February 22 (started - finished a week later. Flexible deadline)

Hi Friends and Relatives,

We've not written generally in about a month so here goes. We're still here. We still miss the people back home but we have to admit we're feeling more and more at home here too. It's strange because we still don't speak the language and the weather has not improved (see below). Maybe it's just loss of short-term memory and we've forgotten what Home Depot really looks like.

Anyway, the themes for this column are weather and country drives. In the next message we'll talk about our recent visitor.

A couple weeks ago, the Kyvian weather gods threw a new wrinkle at us - fog. The view from my office gives a clue. On the day before I took this picture, my office mate Peter was scheduled to fly back from Frankfurt. His plane descended toward the airport but they never saw a thing. At some point the pilot decided to live another day and they zoomed off into the sky. Peter then got a free 3 hour flight to Romania for fuel, several hours of waiting at Bucharest International (not to be missed) and then a return flight to Frankfurt when Lufthansa finally gave up. So, he travelled for 12 hours and got nowhere. The next day things cleared up enough for normal operation -- "cleared up" is a relative term as the picture from my 8th floor office may indicate.

Meanwhile, back at a more human level, we've gone through a period of ice. Some of the ice comes from roof drains and builds up into glaciers.

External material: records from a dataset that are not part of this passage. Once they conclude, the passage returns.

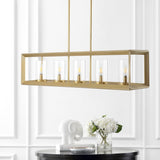 Terry 38.5" Linear 5-light Metal/Glass LED Pendant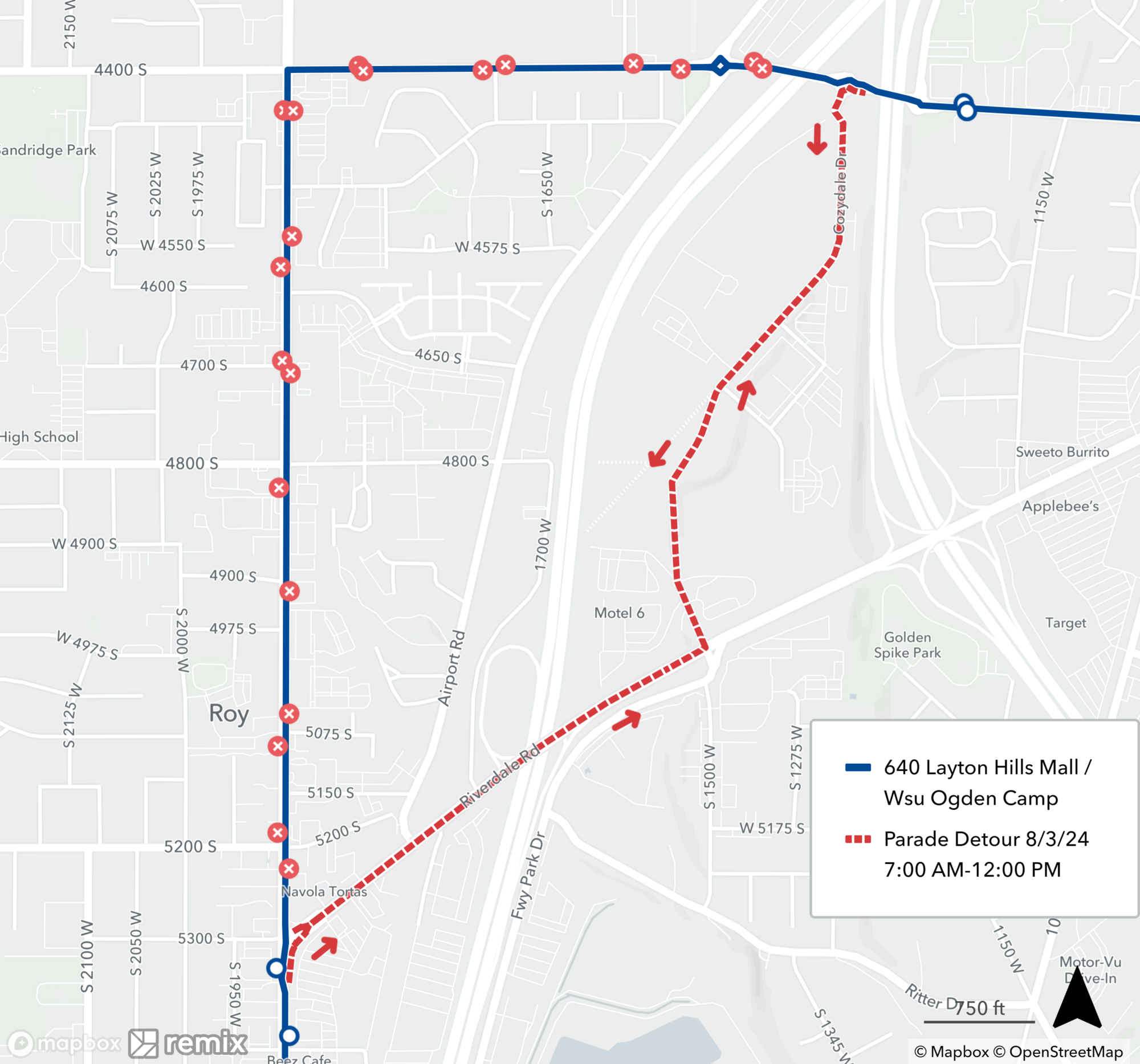 Route 640 detour map August 3rd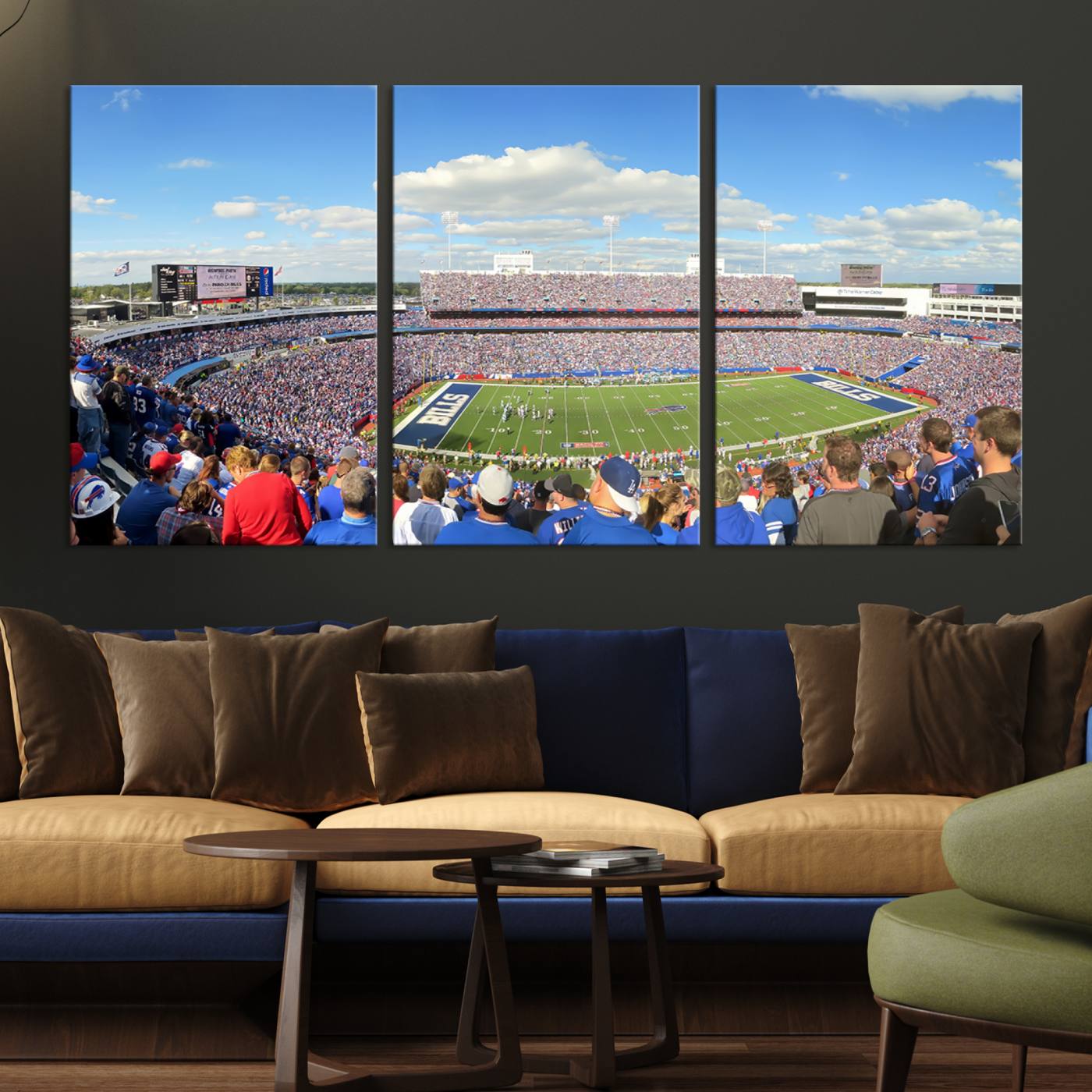 35302-MGV-CV-36X24-Buffalo Bills NFL Football Team Print - Buffalo Highmark Stadium Wall Art Canvas Print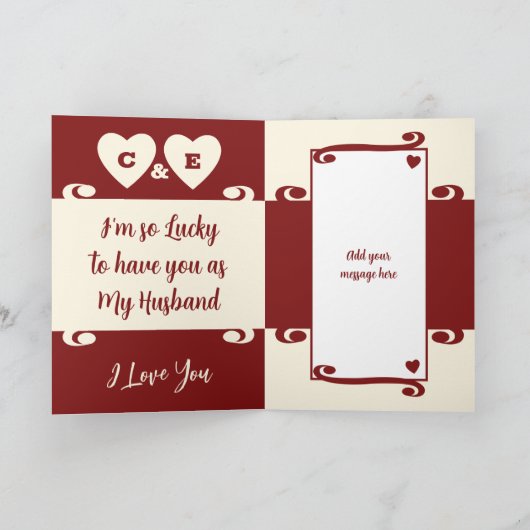 Husband Liebe Sie ruby 40-jähriges Jubiläum burgun Karte (Innenseite)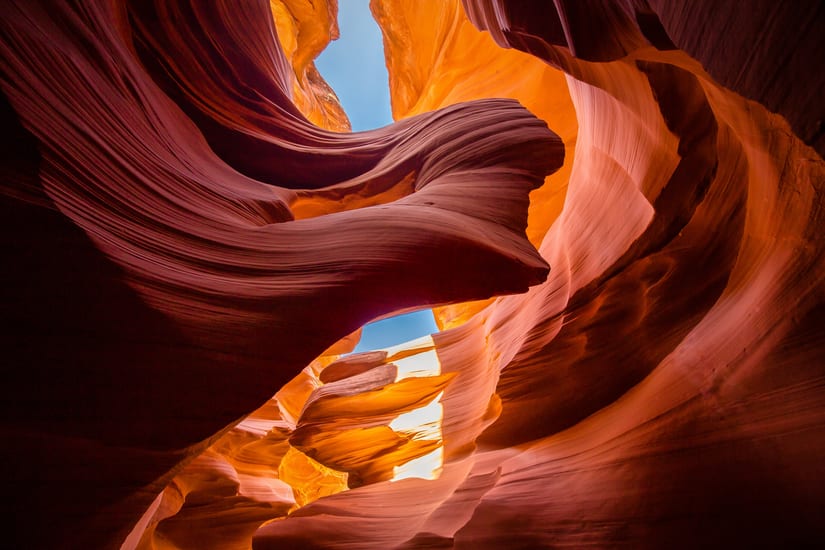 antelope canyon in canyon point in utah in usa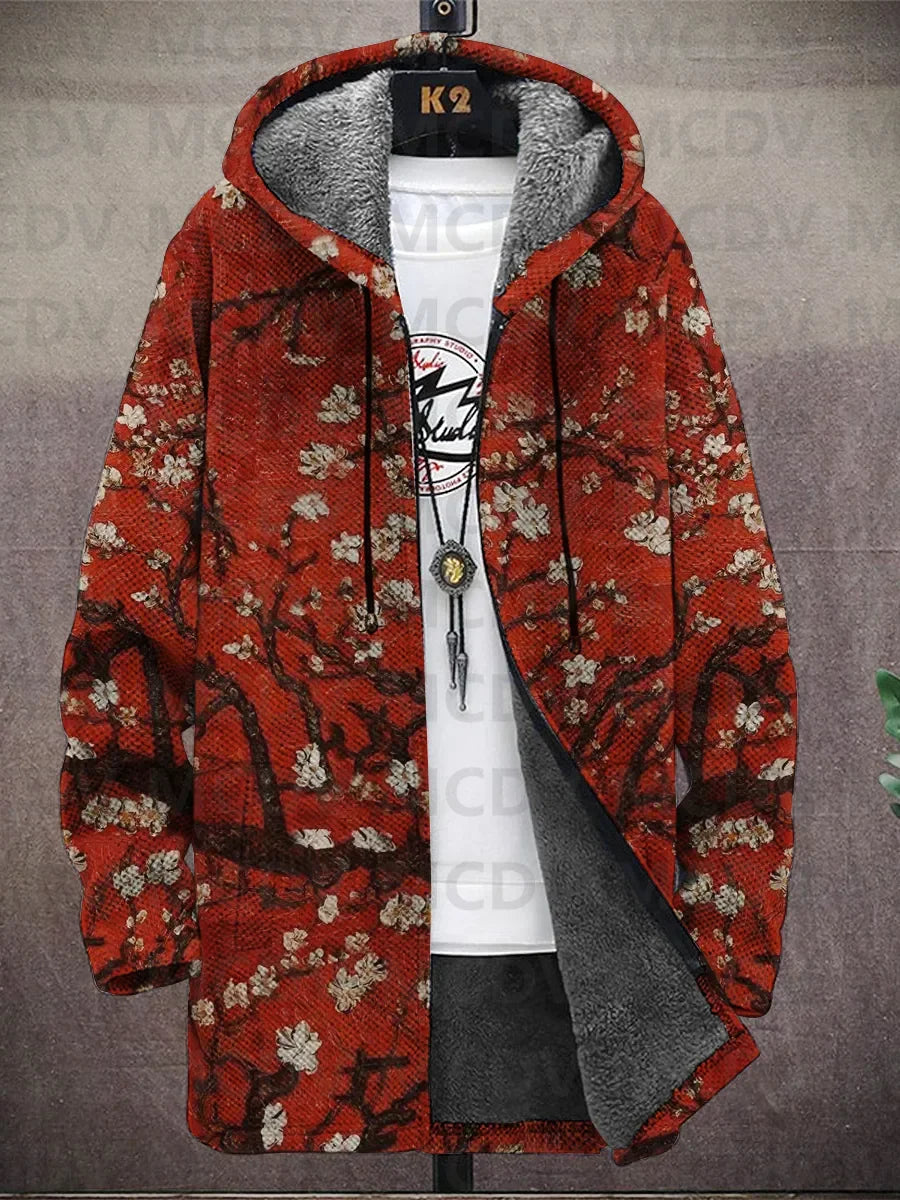 Hooded jacket on a hanger in deep red with white blossoming branches, open to show gray fleece lining 10
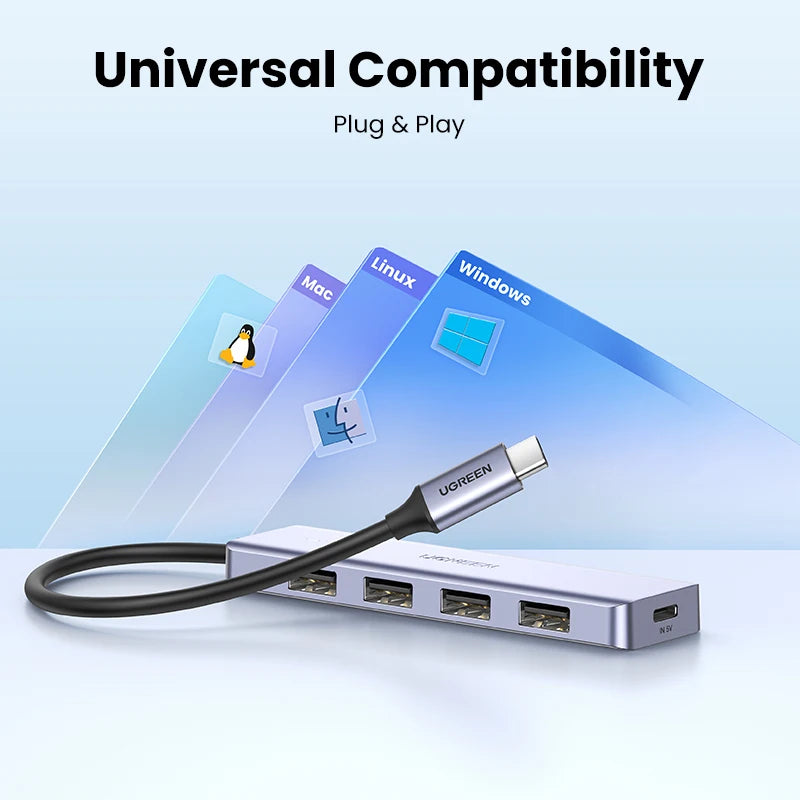 UGREEN USB C Hub 4 Ports USB Type C to USB 3.0 Hub Splitter Adapter for MacBook Pro iPad Pro Samsung Galaxy Note 10 S10 USB Hub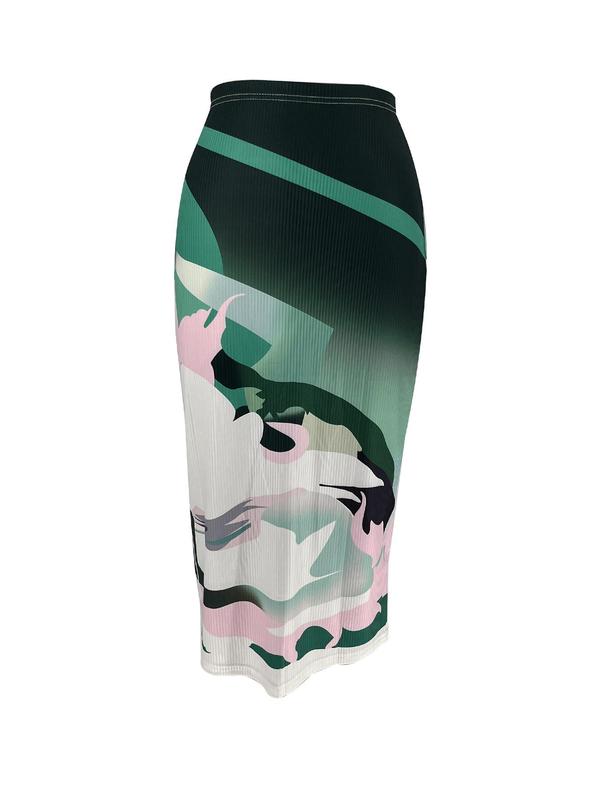 Women's All Over Print High Waist Bodycon Skirt, Casual Elastic Waist Midi Skirt For Daily Wear Beach Holiday Vacation, Ladies Bottoms For All Seasons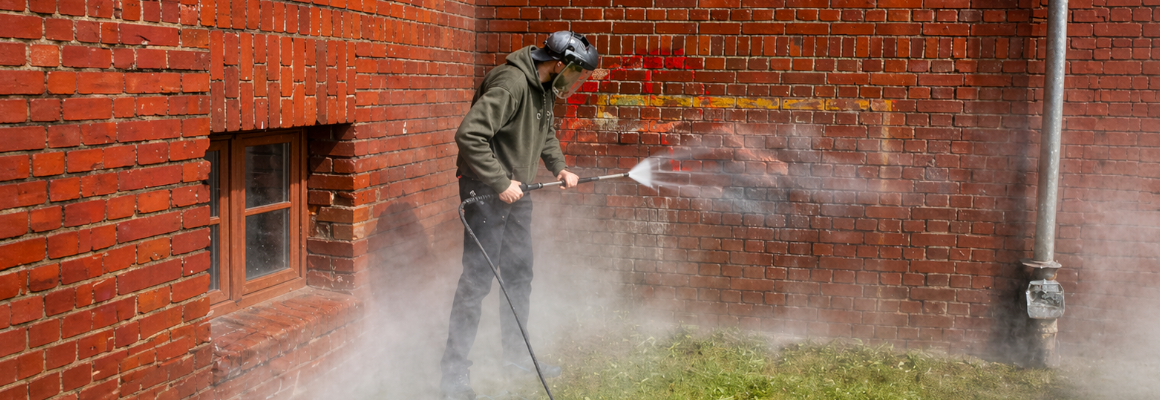Usuwanie graffiti Olsztyn, Na zdjęciu pracownik firmy Proxclean zmywa graffiti z klinkieru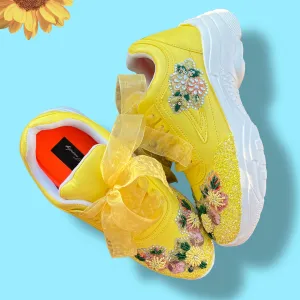 FUNKY N TRENDY yellow embroidery sneakers for brides /yellow embroidered sneakers/ handcrafted sneakers/ floral sneakers / bridal sneakers / bridesmaid sneakers/ yellow hand work sneakers/haldi sneakers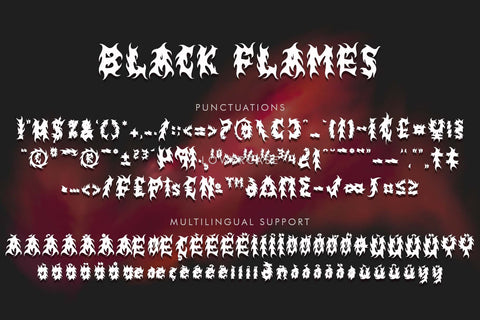 Black Flames Font Prasetya Letter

We've learned that the worst weather is days-above-freezing, nights-below-freezing. These drain pipes empty onto the sidewalk every 20 feet and the ice builds at night and spreads in the day. The other feature of the melt-now, freeze-later plan is that some places get absolutely coved with the stuff like the plaza next to us. This is an ice sheet exactly in front of one of the biggest tourist attractions in town. No wonder we have a problem with repeat tourists.

But people get along despite the ice and snow. While Peter was still home in Germany, I had to go up to Slavutych. On a good day, it's a two hour boring drive. On this particular day, there was considerable snow on the road, despite the best effort of snowplows. Make that snow plow (singular). It's the only one I've ever seen out on the highways. Anyway, at one point the driver got just a teensiest bit sideways on a curve. Sliding toward a bus. Next thing I know we do a pair of 360 degree spins and end up off the road but unhurt - and right side up. I was certain we would either hit the bus or roll the car off the elevated roadbed we started on. All we had to do was push the dented car out of the snow bank. Of course there's significant cosmetic damage but the car was three weeks old so it was time to break it in.

When I got up to the plant town of Slavutych, I had a normal series of boring engineering meetings. There are lots of "Westerners" to talk with so that's always good. It keeps my English in good shape. Otherwise I'd revert to simple sentences only. Like these.

Anyway, I had a few minutes after the meeting to walk around the town. It was a standard winter day but here were a bunch of school kids running around the track and exercising. I guess if winter is six months long you just have to ignore it.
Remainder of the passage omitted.